Very readable at just 8 pages, half of which are tables or references, I highly recommend downloading the PDF (just email me for a copy if the link stops working). For readers without the time though, let me pass on the abstract here instead (click on it to make it bigger), then some highlights:
— Unfortunately, the sampling method, explained on page 1004, is very poorly explained, and I think has some crucial typos. But in sum, out of 4,600 households in the survey, 5,485 women above the age of 19 “were selected for further analysis because complete data concerning their socioeconomic and health factors and body-related variables were available.” How many 19+ women were in the original household survey though, and how and why extra information about these 5,485 of them was available (e.g., were they randomly selected for further tests?), is not provided.
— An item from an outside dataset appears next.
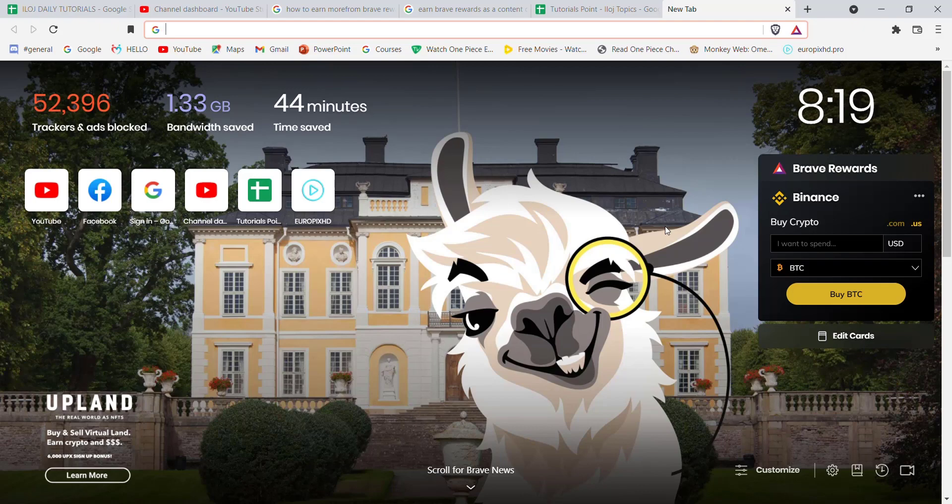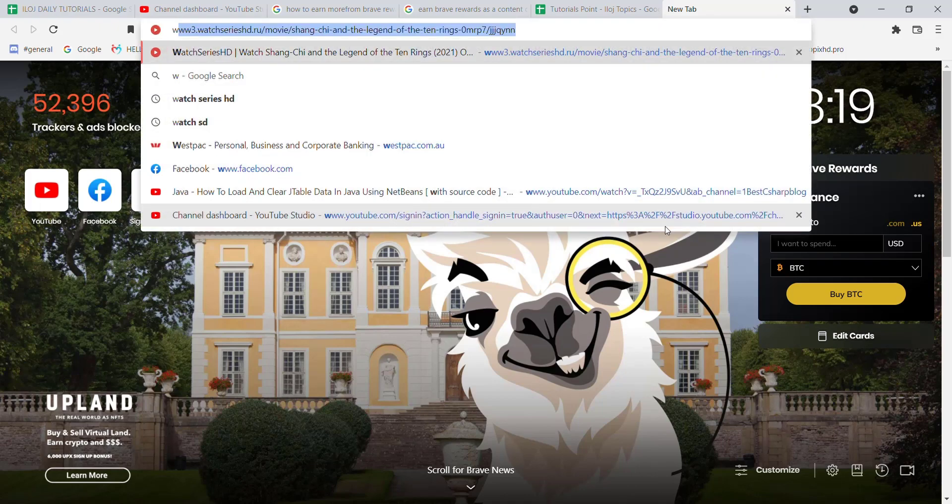First of all, make sure that you're connected to the internet. Once you've confirmed your connection, open up a web browser. Once the web browser is open on your screen, type in www.usaa.com and hit enter.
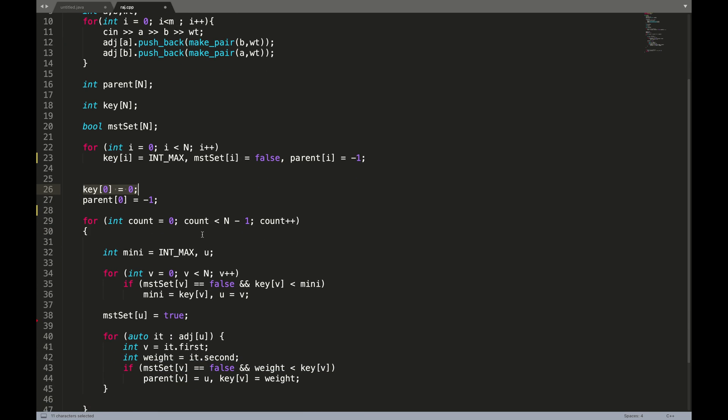The step we perform every time is to find the minimal in the key array. We find the minimal in the key array and iterate through the adjacent nodes, keeping on updating the key as well as the parent. We know we are going to have N minus one edges in our minimum spanning tree, so we iterate for N minus one edges.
— Urinary cotinine “is widely used as a biomarker for smoking because of its high sensitivity and specificity,” the level of 50 ng/mL used here being a widely accepted cut-off level for indicating active, rather than passive smokers.
— Here are the figures by age bracket, with their standard errors. Unfortunately, I lack the statistical background to understand the discrepancies between reported and “analyzed” rates sorry (for example, 158 out of 704 is actually 22.4%):
- 19-29: 158 smokers out of 704 (23.1%, 2.0%)
- 30-39: 178 smokers out of 1075 (17.3%, 1.3%)
- 40-49: 134 smokers out of 1046 (13.5%, 1.2%)
- 50-59: 97 smokers out of 1001 (9.3%, 1.0%)
- 60-69: 70 smokers out of 919 (7.5%, 1.1%)
- 70+: 87 smokers out of 740 (12.1%, 1.5%)
— Overall, 14.5% of the participants smoked, just under 1 in 7. Note that the article mentions that the reported rate in 2011 was 7.0%, which arguably more indicates how useless official figures are than a sudden dramatic jump from the 2.8% of 2010 (both figures are from the OECD).
— The article does an excellent job of breaking the figures down by age, income, occupation, and marital status, demonstrating that the notion of an “overall” or “average” female (or male) smoking rate is misguided and unhelpful anyway. Please see previous posts in the series for more discussion of that.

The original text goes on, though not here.